Сколько помню себя ребенком, во мне всегда жило ощущение, что меня готовят к чему-то небывалому. Как готовят спортсменов или солдат. Или наследных принцев. То есть родители не говорили мне: тебе надлежит стремиться, ты должен добиться, ты обязан стать… смотри, сынок, не подкачай, мы на тебя рассчитываем… Я так и не успел понять, кем они хотели меня увидеть во взрослой жизни. Наверное, полагали, что достаточно плыть по этой реке, чтобы приплыть в правильное место.

До моего рождения мама преподавала литературу в школе. После устроилась на должность библиотекаря — чтобы, освободившись от продленок и проверок домашних заданий, сосредоточиться на моем воспитании.

Отец в моей жизни всегда был как бы на десерт, как будто проездом. Папа работал в лор-отделении Первой городской, а свободное от работы время почти без остатка отдавал театру самодеятельности ДК «Кирпичник» — «Кирпичику», как называли его в городе. Папа значился здесь вторым режиссером, но все вокруг знали, что именно он подбирает репертуар и ставит спектакли: старенький Шумейко, заслуженный партиец и лирический графоман, нужен лишь для прикрытия. В обеих своих ипостасях — врача и режиссера — отец трудился много (хотя и с разным запалом). За что и расплачивался глубокой, «потусторонней», по выражению мамы, усталостью. Об отцовской любви я главным образом догадывался: по ласковой медлительности ладони, коснувшейся моего плеча, по тому, как вдруг обмякнет его голос, когда он попросит: «Посиди со мной». Я садился, отец спрашивал, что у меня нового. Я принимался рассказывать: про школу, про Кроляндию — страну ученых кроликов, которую мы с мамой придумали совершенно случайно, пройдя мимо чучела в витрине охотничьего магазина. Отец частенько задремывал под мои рассказы, улыбаясь и поддакивая сквозь сон.
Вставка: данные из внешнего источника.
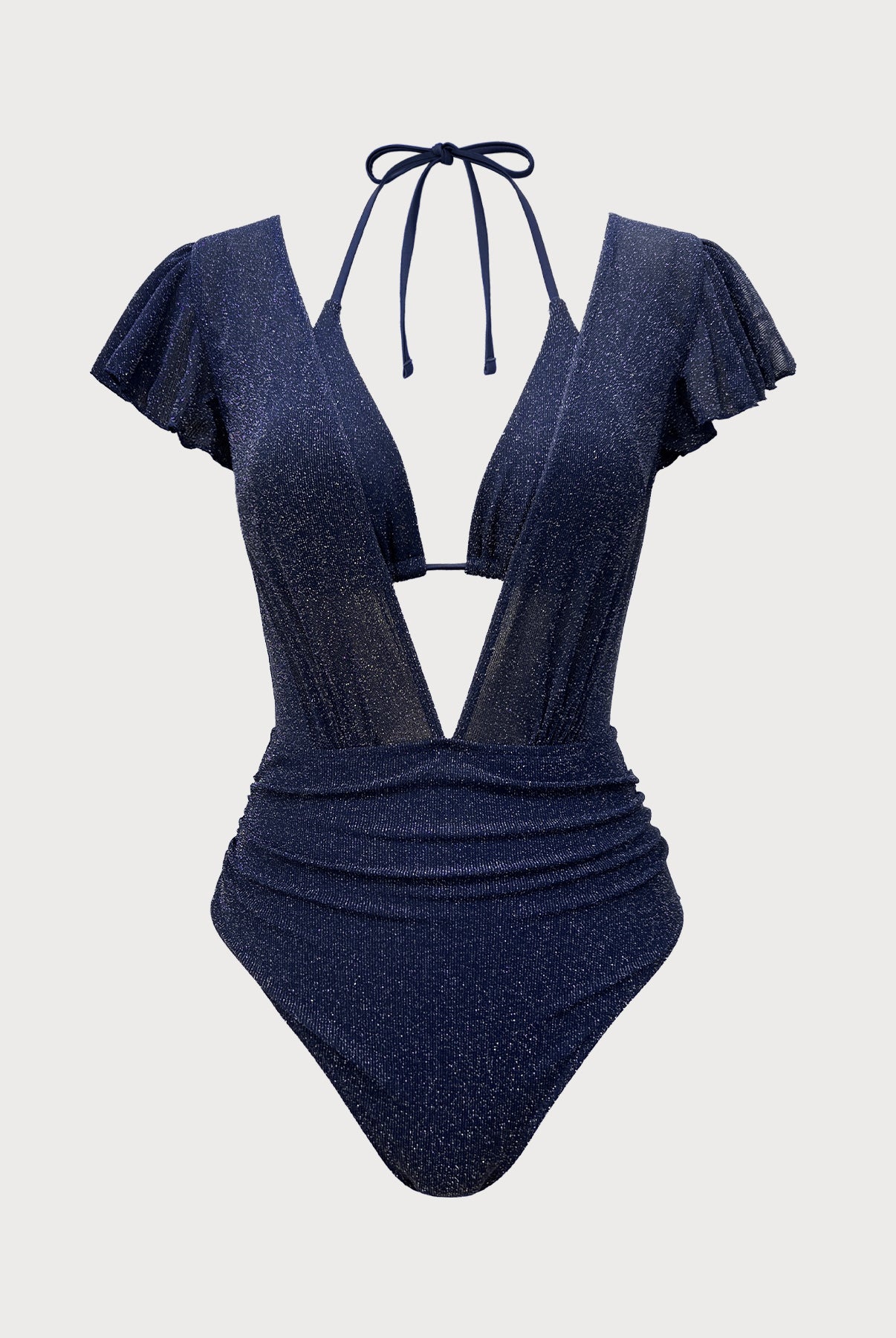 Women Knitted Nylon blended Swimwear Sustainable One-Pieces - BERLOOK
Отец был — праздник. Кипучее закулисье «Кирпичика» было полно подарков: черное чугунное колесо с деревянной ручкой, тянувшее канат, раздвигавший занавес; слепящие зеркалами гримерки; разноголосые скрипы, обитавшие в досках коридора, ведущего к сцене… я помню каждый… только по-настоящему свой, посвященный, мог во время спектакля пробраться по коридору, безошибочно наступая на «немые» доски; реквизитор баба Женя, ковыляющая с охапкой парчи и рубищ; и неприметная общага через дорогу от театра, обитатели которой постоянно обсуждали чьи-нибудь чувства: свои, своих друзей, персонажей… Каждому из отцовского окружения, кто в силу собственного обаяния — или обаяния обстоятельств — западал в мою прожорливую детскую душу, находилось место и в грядущем мире, где мне уготована была судьба таинственная, но неизбежно яркая. Я запросто переселял туда любого. Формовщика Степана Петровича, бессменно игравшего тень отца Гамлета, отправлял лет на десять вперед, встречать меня в рядах восторженных поклонников в Любореченском аэропорту, куда я возвращался после триумфальной выставки в Париже. Зеленоглазая и огненно рыжая красавица Полина Лопухова — в «Кирпичике» Джульетта, в реальной жизни продавщица бакалеи, которая росчерком моей фантазии вдруг назначалась художником в театр кукол, консультировалась со мной относительно цветовой гаммы будущего спектакля. Баба Женя почетной гостьей восседала на моих встречах со зрителем — это если я решал стать кинорежиссером. Ну и так далее. Мечталось мне раздольно.

Со временем я заметил, что всесилие моего воображения не распространяется на прошлое. Только на будущее. Только вперед катился волшебный клубок. Я, например, никак не мог представить себе родителей (точнее, на тот момент будущих родителей) подростками. В детдоме, где они выросли.